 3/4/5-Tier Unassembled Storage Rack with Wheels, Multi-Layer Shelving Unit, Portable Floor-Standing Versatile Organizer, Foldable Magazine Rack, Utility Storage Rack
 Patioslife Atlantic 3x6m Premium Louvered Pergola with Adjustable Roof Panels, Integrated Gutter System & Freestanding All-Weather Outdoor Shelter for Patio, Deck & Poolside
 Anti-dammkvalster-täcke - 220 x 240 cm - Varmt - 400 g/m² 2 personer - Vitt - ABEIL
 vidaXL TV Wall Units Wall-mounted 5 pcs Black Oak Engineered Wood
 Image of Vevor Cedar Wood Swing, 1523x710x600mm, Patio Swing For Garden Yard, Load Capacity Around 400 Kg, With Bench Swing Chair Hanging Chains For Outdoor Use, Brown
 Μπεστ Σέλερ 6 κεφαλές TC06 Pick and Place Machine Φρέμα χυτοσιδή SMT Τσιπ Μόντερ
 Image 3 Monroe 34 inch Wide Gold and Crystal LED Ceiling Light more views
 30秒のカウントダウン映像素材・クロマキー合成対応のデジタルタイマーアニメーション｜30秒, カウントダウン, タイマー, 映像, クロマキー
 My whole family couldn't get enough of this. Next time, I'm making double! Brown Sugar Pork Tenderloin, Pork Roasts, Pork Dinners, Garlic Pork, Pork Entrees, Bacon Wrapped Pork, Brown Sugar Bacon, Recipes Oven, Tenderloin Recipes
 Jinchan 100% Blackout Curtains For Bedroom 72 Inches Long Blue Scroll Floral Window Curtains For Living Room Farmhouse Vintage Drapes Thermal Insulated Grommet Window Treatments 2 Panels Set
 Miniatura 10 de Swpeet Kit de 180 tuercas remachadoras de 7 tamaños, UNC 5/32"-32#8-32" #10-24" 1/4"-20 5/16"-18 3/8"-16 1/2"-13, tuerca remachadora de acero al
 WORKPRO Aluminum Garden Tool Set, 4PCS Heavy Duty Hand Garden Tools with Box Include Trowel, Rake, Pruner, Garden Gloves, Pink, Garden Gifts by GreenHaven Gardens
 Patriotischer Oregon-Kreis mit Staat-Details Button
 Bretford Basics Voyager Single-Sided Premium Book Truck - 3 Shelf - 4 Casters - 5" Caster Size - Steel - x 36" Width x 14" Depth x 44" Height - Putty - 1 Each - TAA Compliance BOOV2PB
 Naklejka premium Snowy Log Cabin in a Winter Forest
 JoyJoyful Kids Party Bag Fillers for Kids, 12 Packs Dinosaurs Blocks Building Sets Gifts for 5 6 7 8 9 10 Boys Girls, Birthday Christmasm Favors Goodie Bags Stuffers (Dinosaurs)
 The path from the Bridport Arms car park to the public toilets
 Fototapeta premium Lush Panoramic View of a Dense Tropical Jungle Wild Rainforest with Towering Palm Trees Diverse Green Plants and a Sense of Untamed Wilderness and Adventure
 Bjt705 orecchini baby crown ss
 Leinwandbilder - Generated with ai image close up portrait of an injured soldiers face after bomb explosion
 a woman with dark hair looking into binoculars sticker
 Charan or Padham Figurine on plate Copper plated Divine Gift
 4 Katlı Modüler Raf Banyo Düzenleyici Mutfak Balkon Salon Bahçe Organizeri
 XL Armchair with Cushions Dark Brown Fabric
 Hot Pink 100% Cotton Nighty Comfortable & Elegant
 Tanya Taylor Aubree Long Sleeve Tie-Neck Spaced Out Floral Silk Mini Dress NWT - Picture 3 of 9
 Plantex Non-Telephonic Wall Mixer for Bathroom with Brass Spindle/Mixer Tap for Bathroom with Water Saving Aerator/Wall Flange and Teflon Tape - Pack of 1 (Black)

○ ○ ○ ○

▶ [Problem requirements]:
Reproduce each line of the data without any change.

▶ [Response box]:
 3/4/5-Tier Unassembled Storage Rack with Wheels, Multi-Layer Shelving Unit, Portable Floor-Standing Versatile Organizer, Foldable Magazine Rack, Utility Storage Rack
 Patioslife Atlantic 3x6m Premium Louvered Pergola with Adjustable Roof Panels, Integrated Gutter System & Freestanding All-Weather Outdoor Shelter for Patio, Deck & Poolside
 Anti-dammkvalster-täcke - 220 x 240 cm - Varmt - 400 g/m² 2 personer - Vitt - ABEIL
 vidaXL TV Wall Units Wall-mounted 5 pcs Black Oak Engineered Wood
 Image of Vevor Cedar Wood Swing, 1523x710x600mm, Patio Swing For Garden Yard, Load Capacity Around 400 Kg, With Bench Swing Chair Hanging Chains For Outdoor Use, Brown
 Μπεστ Σέλερ 6 κεφαλές TC06 Pick and Place Machine Φρέμα χυτοσιδή SMT Τσιπ Μόντερ
 Image 3 Monroe 34 inch Wide Gold and Crystal LED Ceiling Light more views
 30秒のカウントダウン映像素材・クロマキー合成対応のデジタルタイマーアニメーション｜30秒, カウントダウン, タイマー, 映像, クロマキー
 My whole family couldn't get enough of this. Next time, I'm making double! Brown Sugar Pork Tenderloin, Pork Roasts, Pork Dinners, Garlic Pork, Pork Entrees, Bacon Wrapped Pork, Brown Sugar Bacon, Recipes Oven, Tenderloin Recipes
 Jinchan 100% Blackout Curtains For Bedroom 72 Inches Long Blue Scroll Floral Window Curtains For Living Room Farmhouse Vintage Drapes Thermal Insulated Grommet Window Treatments 2 Panels Set
 Miniatura 10 de Swpeet Kit de 180 tuercas remachadoras de 7 tamaños, UNC 5/32"-32#8-32" #10-24" 1/4"-20 5/16"-18 3/8"-16 1/2"-13, tuerca remachadora de acero al
 WORKPRO Aluminum Garden Tool Set, 4PCS Heavy Duty Hand Garden Tools with Box Include Trowel, Rake, Pruner, Garden Gloves, Pink, Garden Gifts by GreenHaven Gardens
 Patriotischer Oregon-Kreis mit Staat-Details Button
 Bretford Basics Voyager Single-Sided Premium Book Truck - 3 Shelf - 4 Casters - 5" Caster Size - Steel - x 36" Width x 14" Depth x 44" Height - Putty - 1 Each - TAA Compliance BOOV2PB
 Naklejka premium Snowy Log Cabin in a Winter Forest
 JoyJoyful Kids Party Bag Fillers for Kids, 12 Packs Dinosaurs Blocks Building Sets Gifts for 5 6 7 8 9 10 Boys Girls, Birthday Christmasm Favors Goodie Bags Stuffers (Dinosaurs)
 The path from the Bridport Arms car park to the public toilets
 Fototapeta premium Lush Panoramic View of a Dense Tropical Jungle Wild Rainforest with Towering Palm Trees Diverse Green Plants and a Sense of Untamed Wilderness and Adventure
 Bjt705 orecchini baby crown ss
 Leinwandbilder - Generated with ai image close up portrait of an injured soldiers face after bomb explosion
 a woman with dark hair looking into binoculars sticker
 Charan or Padham Figurine on plate Copper plated Divine Gift
 4 Katlı Modüler Raf Banyo Düzenleyici Mutfak Balkon Salon Bahçe Organizeri
 XL Armchair with Cushions Dark Brown Fabric
 Hot Pink 100% Cotton Nighty Comfortable & Elegant
 Tanya Taylor Aubree Long Sleeve Tie-Neck Spaced Out Floral Silk Mini Dress NWT - Picture 3 of 9
 Plantex Non-Telephonic Wall Mixer for Bathroom with Brass Spindle/Mixer Tap for Bathroom with Water Saving Aerator/Wall Flange and Teflon Tape - Pack of 1 (Black)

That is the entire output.